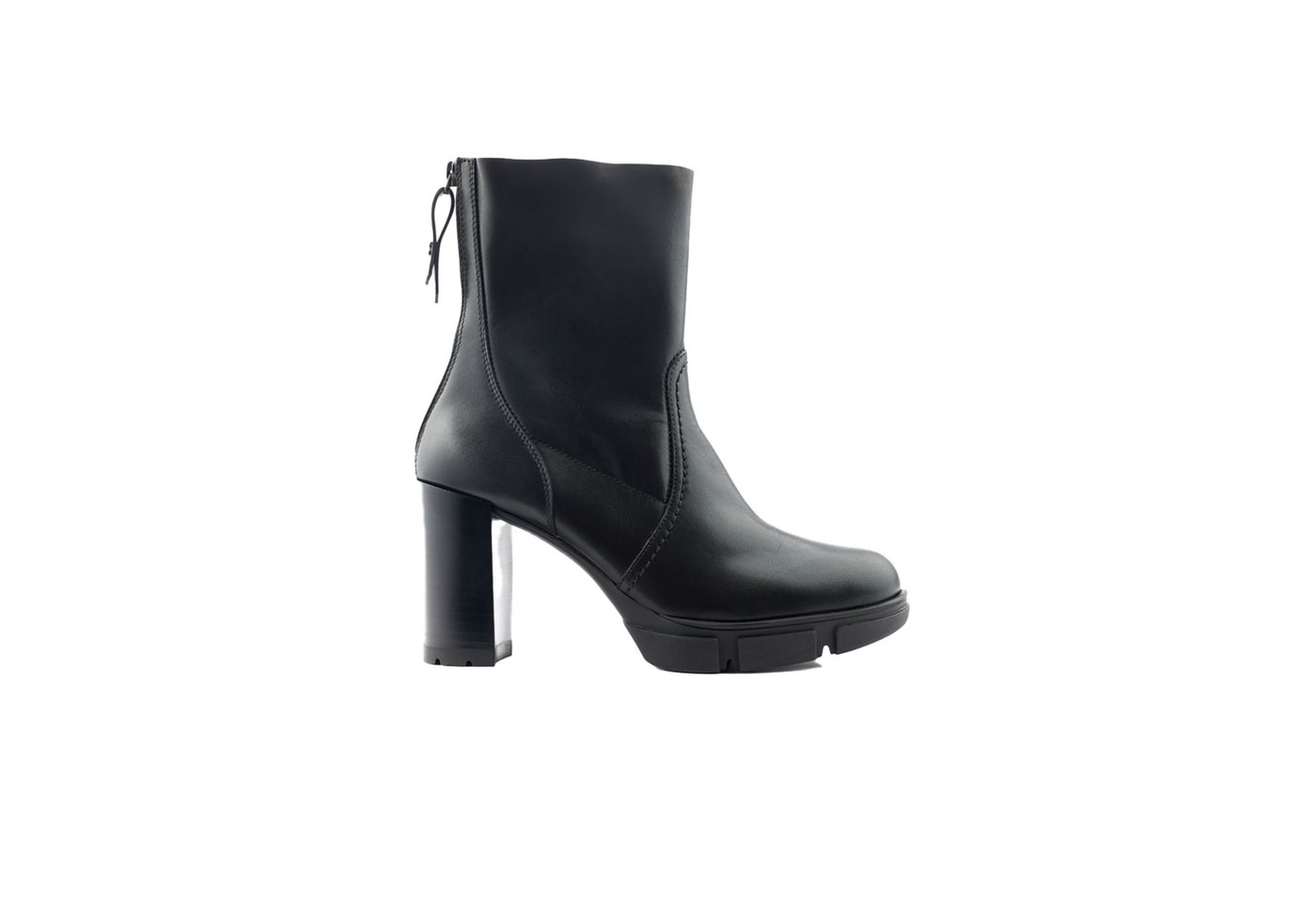Paul Green 8163-006, Stiefeletten, Schwarz, Damen Stiefelette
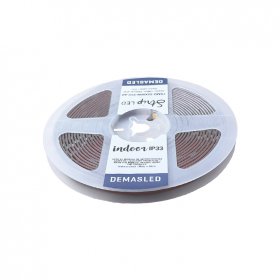 Tira LED SMD2835 24V 12W/m Súper Cálido 1200lm/m 120LEDs/m 8mm PBC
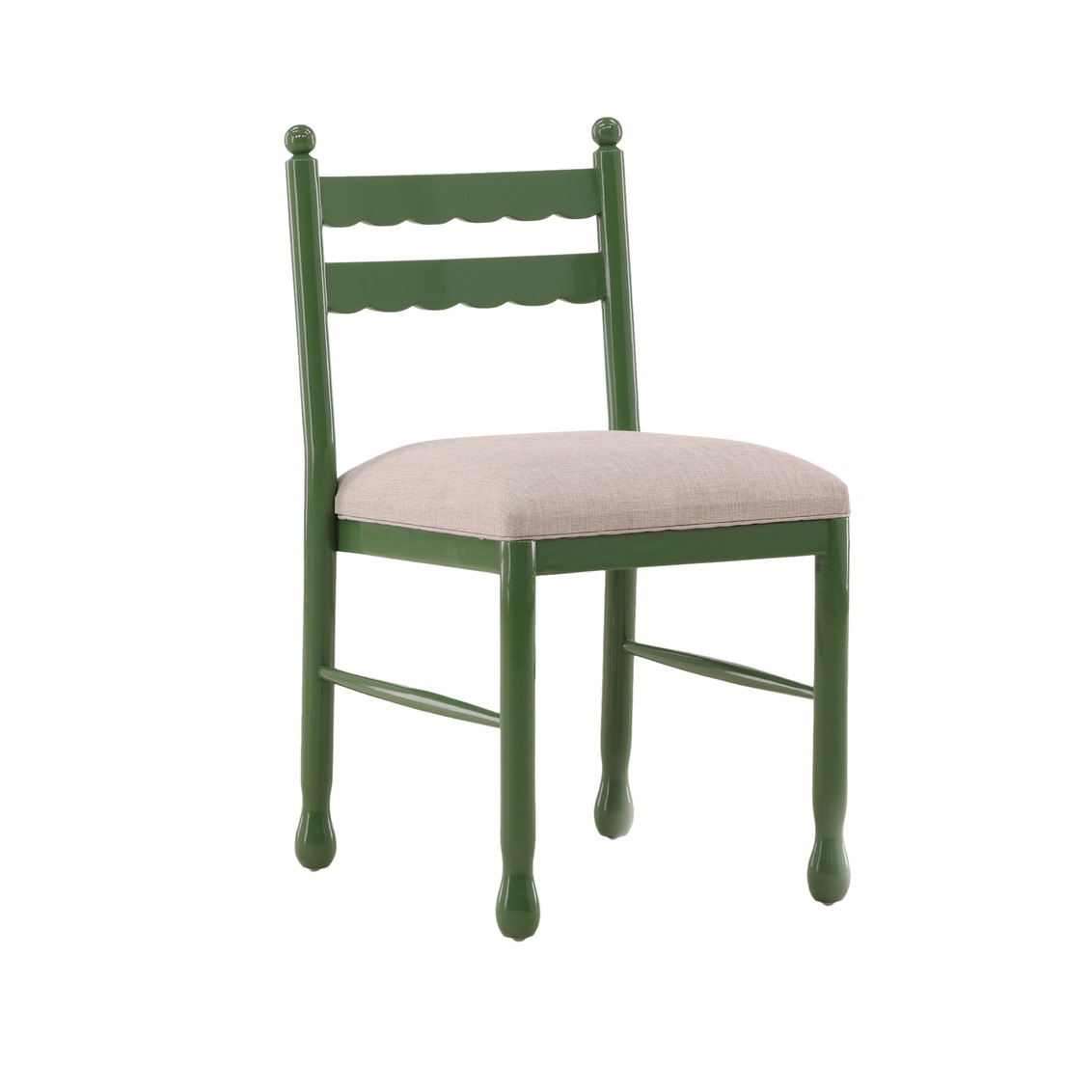  Green Bella Side Chair 61205AG69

* _TASK GOAL_
Reproduce all the material exactly, omitting images.

* _SOLUTION_
Paul Green 8163-006, Stiefeletten, Schwarz, Damen Stiefelette
 Tira LED SMD2835 24V 12W/m Súper Cálido 1200lm/m 120LEDs/m 8mm PBC
  Green Bella Side Chair 61205AG69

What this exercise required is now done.